Dr. Cornel West speaks to the Platform Committee in Orlando last weekend. (Photo: Joe Roulette/flickr/cc)

Welcome to the New Democratic Party

Clinton Platform members got up to tell the Committee, guests, and the audience watching at home on CSPAN that they oppose the TPP. But they would not add these words to the platform: “We oppose the TPP.”

This weekend in Orlando, Florida members of the Platform Committee met to help create the Democratic party’s positions on a number of key issues. I was honored to attend as a Committee member on behalf of Senator Bernie Sanders.
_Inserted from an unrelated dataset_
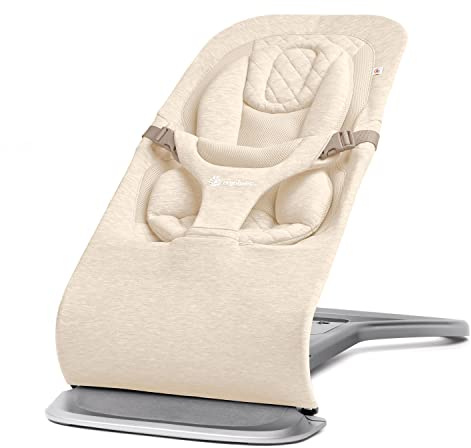 Ergobaby 3-in-1 Evolve Bouncer, Ergonomic Baby Bouncer for Newborns from Birth to Toddler, Baby Swing with Newborn Insert (2.5 kg - 13.2 kg), Cream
The Platform adopted by the Committee contains victories on social, racial and economic justice issues that have been championed by Senator Sanders and his supporters: it calls for a $15 federal minimum wage, paid family leave, the Department of Justice to investigate all shootings involving police officers, and the removal of marijuana as a Class One controlled substance (which squeaked to victory, 81-80.)

The Platform passed with overwhelming support from members appointed by Secretary Hillary Clinton, the Democratic National Committee (DNC), and Senator Sanders. However, the platform falls short on several key issues, specifically the Trans-Pacific Partnership (also known as TPP or “manure,” as Sanders Committee member Jim Hightower dubbed it) and Medicare-for-All.
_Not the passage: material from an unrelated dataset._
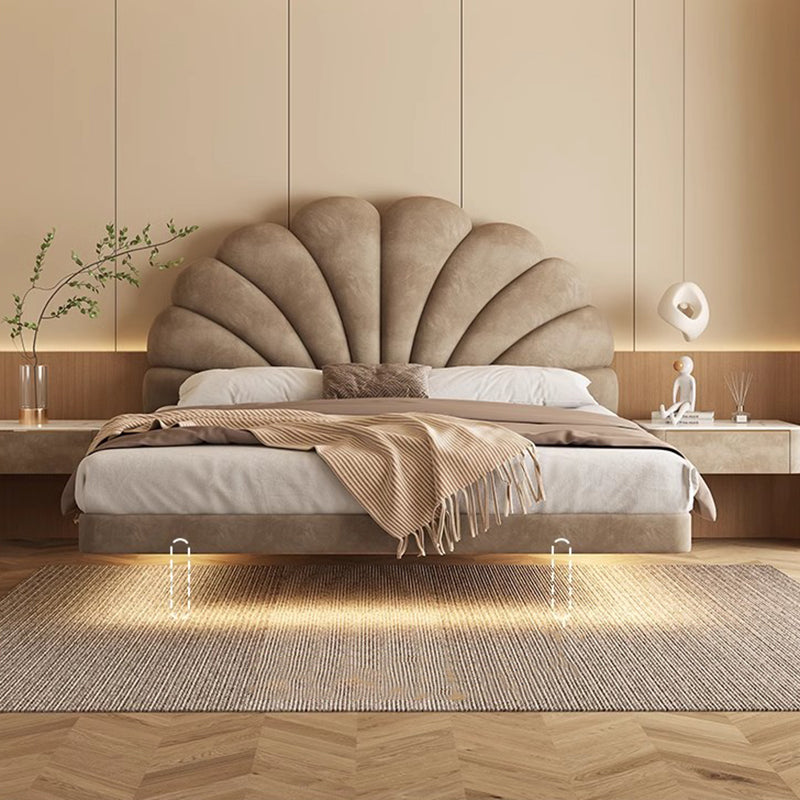Modern Floating Bed Frame with Floral Design Headboard.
There were amendments offered on TPP by both the Sanders and Clinton camps. Clinton Committee member Lee Saunders, president of AFSCME, took to the mic to support his amendment on TPP, joined by AFT president and Clinton Committee member Randi Weingarten.

“We have been against TPP,” Weingarten told the audience. “And we are glad that both of our candidates are against TPP.”

“We have open opposition from both of our candidates,” echoed Saunders in his remarks. “For once all Democratic candidates and Labor are of one view: No on TPP.”

The amendment, which totaled 452 words, states, in part:

“[Trade agreements] must not undermine democratic decision making through special privileges and private courts for corporations, and trade negotiations must be transparent and inclusive... [W]e will oppose trade agreements that do not support good American jobs, raise wages, and improve our national security... Any trade agreement must protect workers and the environment and not undermine access to critically-needed prescription drugs...These are standards all Democrats believe should be applied to all trade agreements, including the Trans-Pacific Partnership.”

But what was missing from this amendment of 452 words? Four words that made the position of the Democratic party on TPP explicit: “We oppose the TPP.”

Former NAACP president Ben Jealous, representing Sanders, offered those words in an amendment to Saunders’ amendment, imploring Committee members to be leaders, not bureaucrats.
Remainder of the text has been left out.